Jessica Robinson: What Does Mobility Mean to You?

Jessica Robinson speaks at 2018 MICHauto SummitJessica Robinson, director of City Solutions for Ford Smart Mobility, knows firsthand that the importance of moving people and goods efficiently is critical for the city and region’s long-term success. Kicking off her Automobility Forum town hall discussion at the MICHauto Summit, Robinson asked attendees what mobility means to them.

Sticking with the theme of her talk, “Detroit: Live, Work, Play, Move the World,” Robinson shared her professional journey and how a degree in anthropology led to a fulfilling career in automotive. Prior to joining Ford Motor Company, Robinson served as market launch manager for Zipcar, a Massachusetts-based car-sharing company. After traveling the country, Robinson said she was drawn to Detroit and the innovative spirit its residents embody.

Key Takeaways:

  • Mobility is the most interesting industry to be in, it is part of everything.
  • No matter your age, you don’t have to have your life figured out; it is important to continue to learn.
  • Find a company whose vision and mission align with your goals, it will motivate you to work harder.
  • Be engaged in your community and find a way to give back.

Robinson closed her session by emphasizing that to be successful in the automotive and mobility industry, young talent must continue to bring innovative ideas about local problems to the table, learn from others and create solutions.
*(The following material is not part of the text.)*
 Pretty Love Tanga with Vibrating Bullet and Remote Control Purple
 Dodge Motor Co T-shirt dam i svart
Robinson’s session was sponsored by Phoenix Contact E-Mobility.

Lon Offenbacher: Technology Is Turning Auto Industry on Its Head

Lon Offenbacher speaks at 2018 MICHauto SummitHarking back to the videotape format war of the late 1970s and early ’80s, Lon Offenbacher, president and CEO of Inteva Products, told MICHauto Summit attendees that technology is moving so fast, finding the right talent to keep businesses ahead of the curve is this generation’s biggest challenge.

“Do you love Michigan?” Offenbacher asked to open his town hall-style talk.
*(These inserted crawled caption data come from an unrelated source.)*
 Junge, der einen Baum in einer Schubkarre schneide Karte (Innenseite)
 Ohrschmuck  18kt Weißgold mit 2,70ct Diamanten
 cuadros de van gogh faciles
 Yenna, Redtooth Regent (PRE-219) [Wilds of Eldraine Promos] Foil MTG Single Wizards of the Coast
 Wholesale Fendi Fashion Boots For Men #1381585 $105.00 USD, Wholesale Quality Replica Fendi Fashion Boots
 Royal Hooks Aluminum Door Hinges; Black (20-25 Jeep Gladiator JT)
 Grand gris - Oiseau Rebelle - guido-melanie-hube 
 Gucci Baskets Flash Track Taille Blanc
“The world is going to be so dynamic five to 10 years from now, it is going to make our heads spin,” he said referencing the convergence of the automotive and technology industries. “There are thousands of companies competing for the prize and Michigan is the middle man.”

As a global supplier of engineered components and systems for the automotive industry, Inteva Products has “constant openings” when it comes to talent, Offenbacher said.

“Motown might be mobility town in 10 or 20 years, but we need the people,” he said.

The session was sponsored by Toyota.

Key Takeaways:

  • Inteva Products is focused on creating a culture that values people. The company supports 178 charities around the world, a contributing factor to attracting talent who want to feel connected to a purpose.
  • To help fill the talent pipeline, Inteva Products offers a suite of services, from internships to apprenticeships and partnerships with colleges. The company is working toward collaborative programs with high schools to raise awareness on STEM education.
  • Never stop learning. Never stop growing.